Grupos sob condições extremas, como nos nossos presídios, regridem a estágios morais inferiores?
A governadora Roseana Sarney (PMDB) considera inexplicáveis as decapitações na masmorra de Pedrinhas, em São Luís, capital do Maranhão. Problema dela.
No restante do país, a pergunta que perambulou pelos giros e sulcos dos córtices cerebrais foi: como se pode entender que um ser humano chegue a tal ponto de crueldade? De que servem as ciências naturais, se incapazes de oferecer explicações não triviais para o buraco negro que se instalou em Pedrinhas e ameaça sugar tudo à volta em São Luís?
O entusiasta da neurociência contemporânea talvez proteste que ela tem, sim, muitas explicações para fenômenos como esses. Afinal, ela tem explicação para tudo.
Do alicerce ilusório do livre-arbítrio e dos juízos éticos, sempre precedidos por decisões ou reflexos inconscientes, passando pelas razões evolucionistas para preservar no pool genético da espécie alguns genes de propensão para a agressividade e pela sobrevivência de estruturas cerebrais primitivas, até chegar à cumeeira do edifício neodarwinista com "os melhores anjos da nossa natureza" (título do livro de Steven Pinker) e o declínio da violência --nada na mente humana parece escapar à luz que emana da fusão de Darwin com a ressonância nuclear magnética funcional.
E Pedrinhas? Podem-se elucubrar duas vertentes de explicação.
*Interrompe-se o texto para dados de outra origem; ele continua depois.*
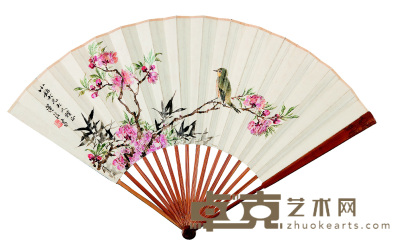 莲溪（清代）  花鸟 18.5×50  cm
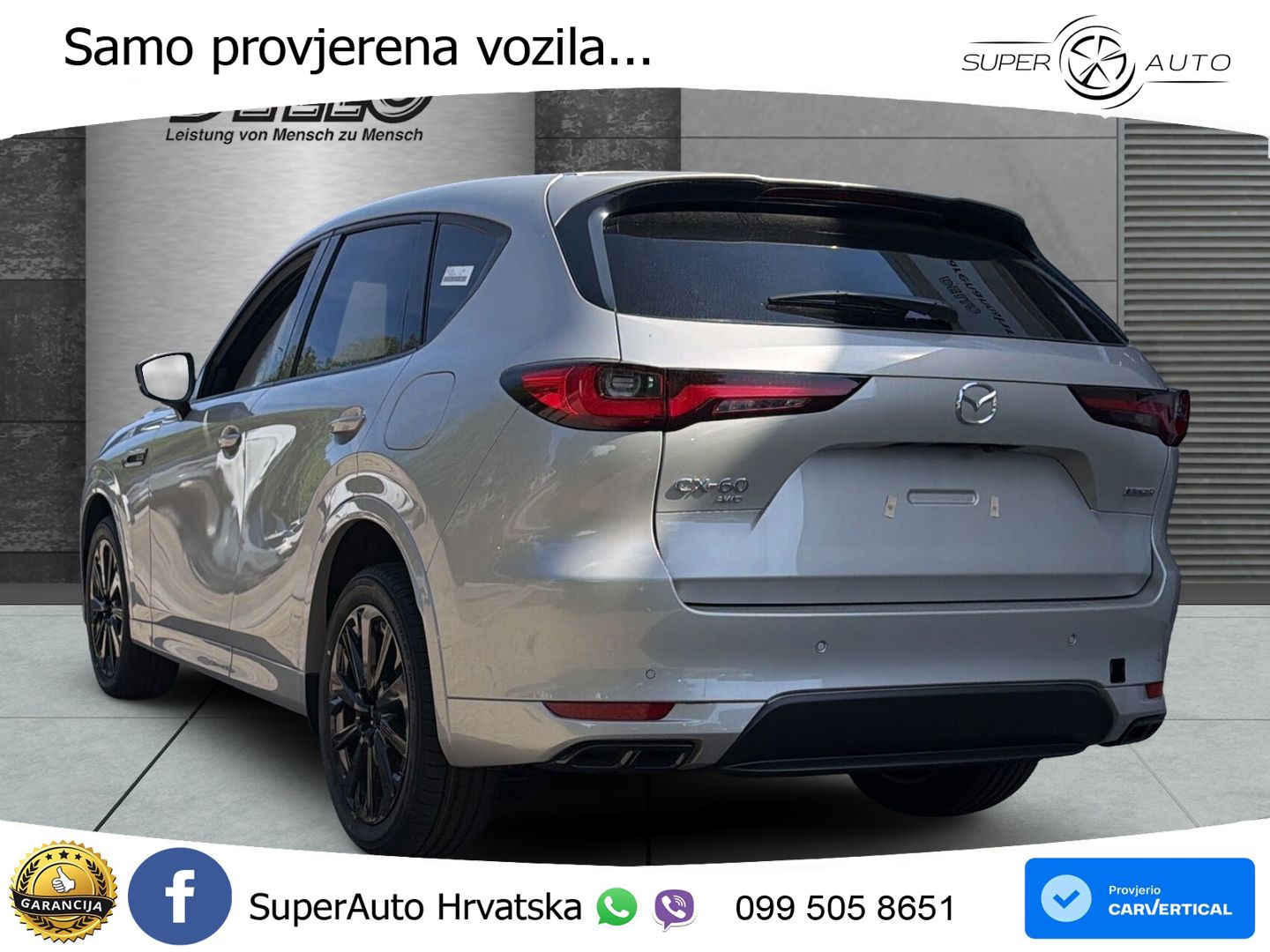 Mazda CX-60 3.3 e-Skyactiv D (254 KS) AWD Automatic MATRIX+GR SJED+KAM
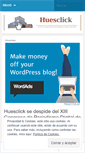 Mobile Screenshot of huesclick.wordpress.com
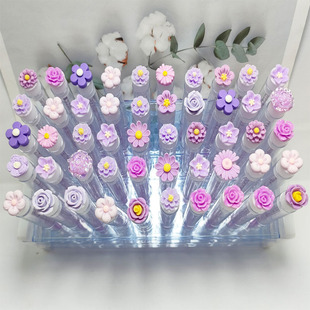 Grafting False Eyelash Tube Brush Flower Independent Brush Tube Disposable Eyelash Brush Cosmetic Brush Transparent Tube Tube Tube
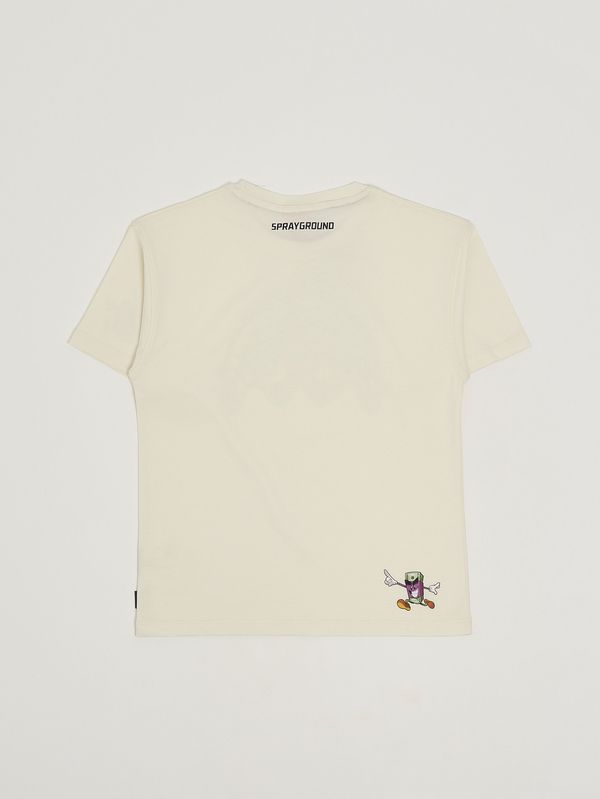 2. Camiseta de algodón para niño Marfil Sprayground spy1423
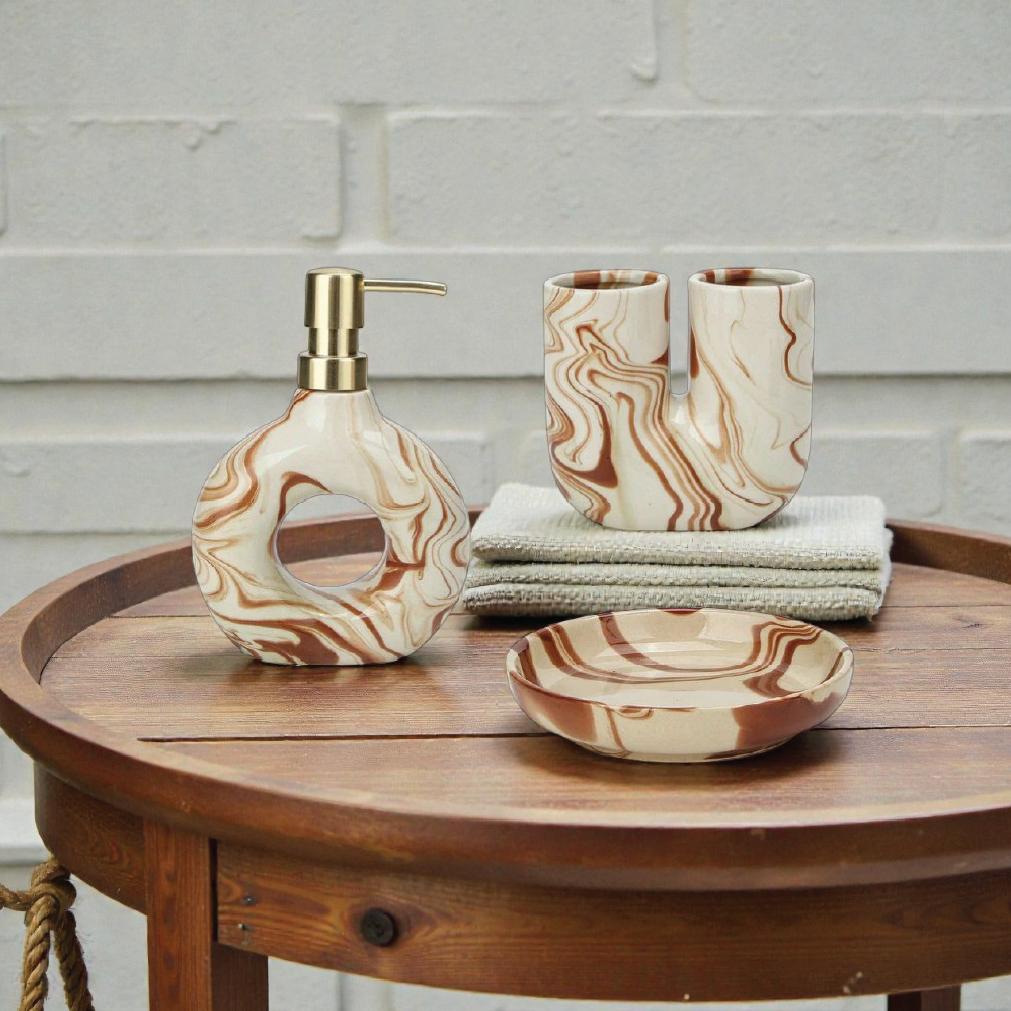 Eclat Luxe Ceramic Bathroom Set thumbnail 2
Na primeira, que privilegiaria o plano individual, haveria que buscar na anatomia ou no perfil genético-neuroquímico disfuncionais de cada perpetrador as raízes do comportamento celerado. Esse programa lombrosiano de pesquisa deu poucos resultados até hoje, pela imensa dificuldade de provar nexos causais entre uma coisa e outra.
Na outra vertente sobressairia o plano coletivo, o da etologia. Grupos de pessoas submetidas a condições propícias, ou extremas (como sem dúvida são as dos presídios nacionais), regrediriam a estágios anteriores do comportamento moral. Uma vez confinados à lógica da violência e da sobrevivência, os prisioneiros ficariam sob o jugo do cérebro, digamos, reptiliano.
Ficou famoso, na história contemporânea da ciência, o Experimento da Prisão de Stanford (em inglês: www.prisonexp.org), capitaneado pelo polêmico Philip G. Zimbardo. Ainda que não tenham alcançado o paroxismo de Pedrinhas, estudantes universitários precisaram de apenas seis dias para se transformar em guardas sádicos, numa simulação da vida em cárcere.
Zimbardo interrompeu a experiência quando as coisas começaram a sair do controle, antes das duas semanas previstas. No Maranhão, 62 mortes não bastaram.
Não tenho dúvida de que há um réptil adormecido em todos nós. É a condição necessária para o que se passa em São Luís. Mas é também insuficiente, parece óbvio, para explicar o nível rastejante em que se encontram os costumes por lá.
Para isso, não há como escapar das ciências sociais e históricas. Pobreza não explica tudo, mas tampouco há de ser coincidência que o Estado do ex-presidente da República e do Congresso José Sarney tenha o segundo pior IDH do país (0,639). O pior de todos (0,631) está nas Alagoas de Renan Calheiros --o atual presidente do Congresso.